Start of Task input

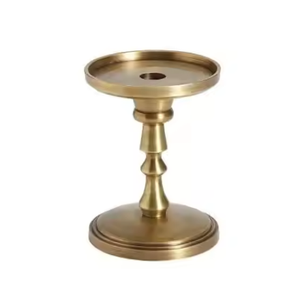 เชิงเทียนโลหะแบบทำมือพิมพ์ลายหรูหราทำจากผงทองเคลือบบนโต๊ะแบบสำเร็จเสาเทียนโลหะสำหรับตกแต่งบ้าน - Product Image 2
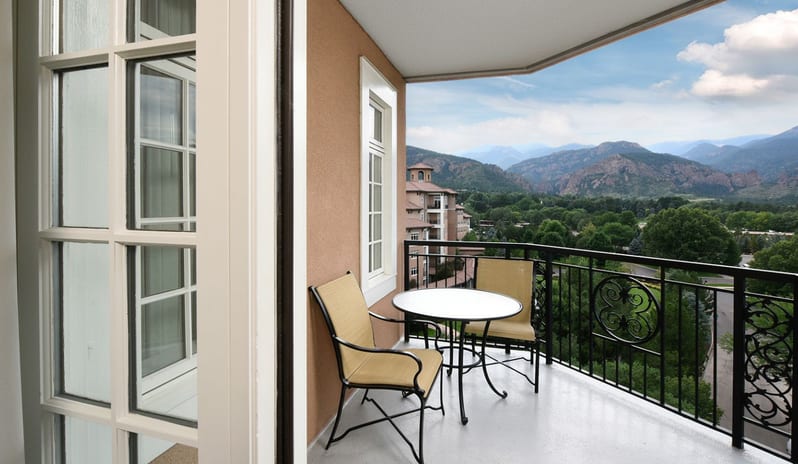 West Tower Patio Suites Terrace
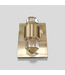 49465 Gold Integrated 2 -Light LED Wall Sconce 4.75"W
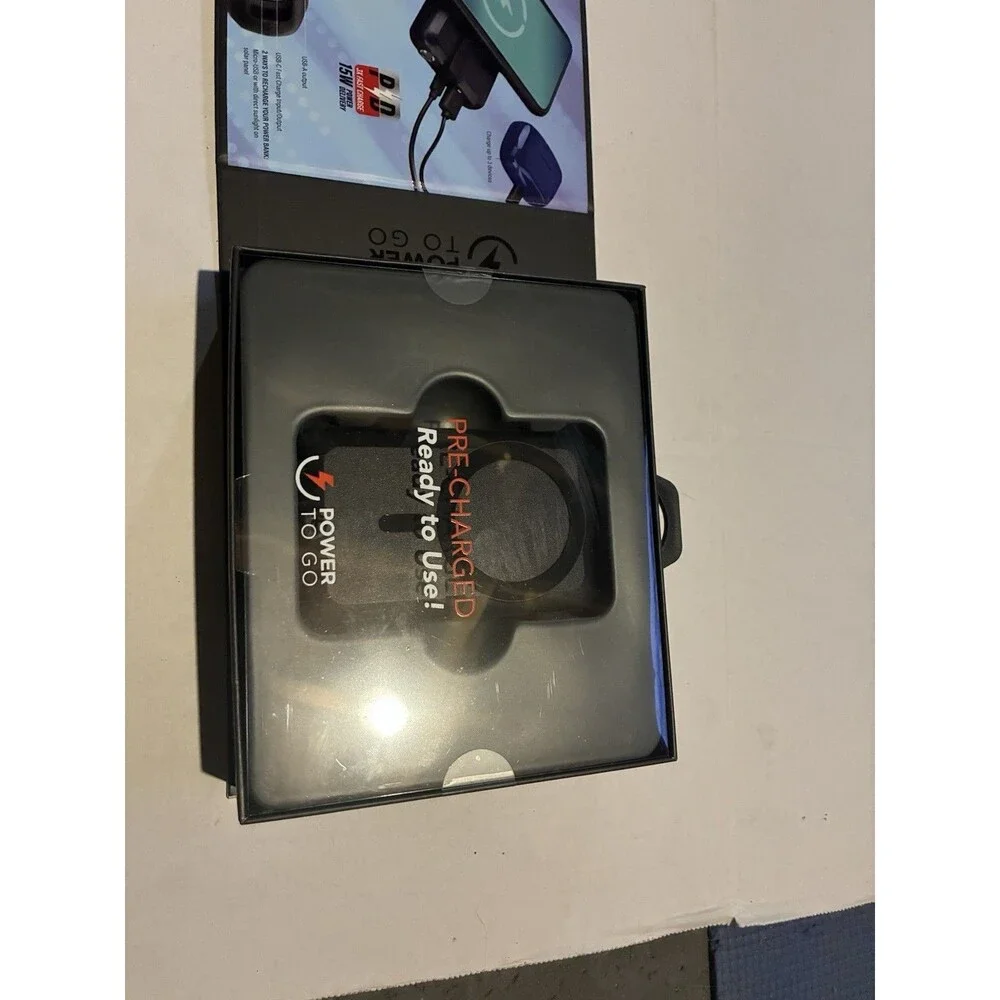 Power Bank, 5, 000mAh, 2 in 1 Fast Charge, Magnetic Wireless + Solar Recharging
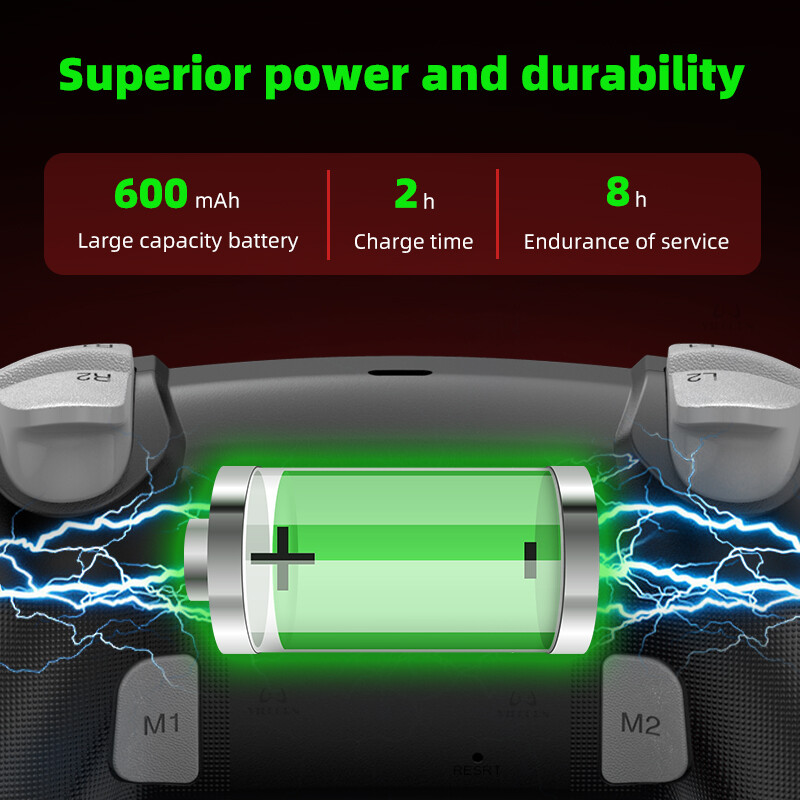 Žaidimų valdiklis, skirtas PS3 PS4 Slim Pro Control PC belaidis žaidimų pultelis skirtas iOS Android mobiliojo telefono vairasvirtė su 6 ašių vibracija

End of Task input

• [Work item]:
The records above are to be transcribed in full, with images omitted.

• [Answer to the problem]:
 เชิงเทียนโลหะแบบทำมือพิมพ์ลายหรูหราทำจากผงทองเคลือบบนโต๊ะแบบสำเร็จเสาเทียนโลหะสำหรับตกแต่งบ้าน - Product Image 2
 West Tower Patio Suites Terrace
 49465 Gold Integrated 2 -Light LED Wall Sconce 4.75"W
 Power Bank, 5, 000mAh, 2 in 1 Fast Charge, Magnetic Wireless + Solar Recharging
 Žaidimų valdiklis, skirtas PS3 PS4 Slim Pro Control PC belaidis žaidimų pultelis skirtas iOS Android mobiliojo telefono vairasvirtė su 6 ašių vibracija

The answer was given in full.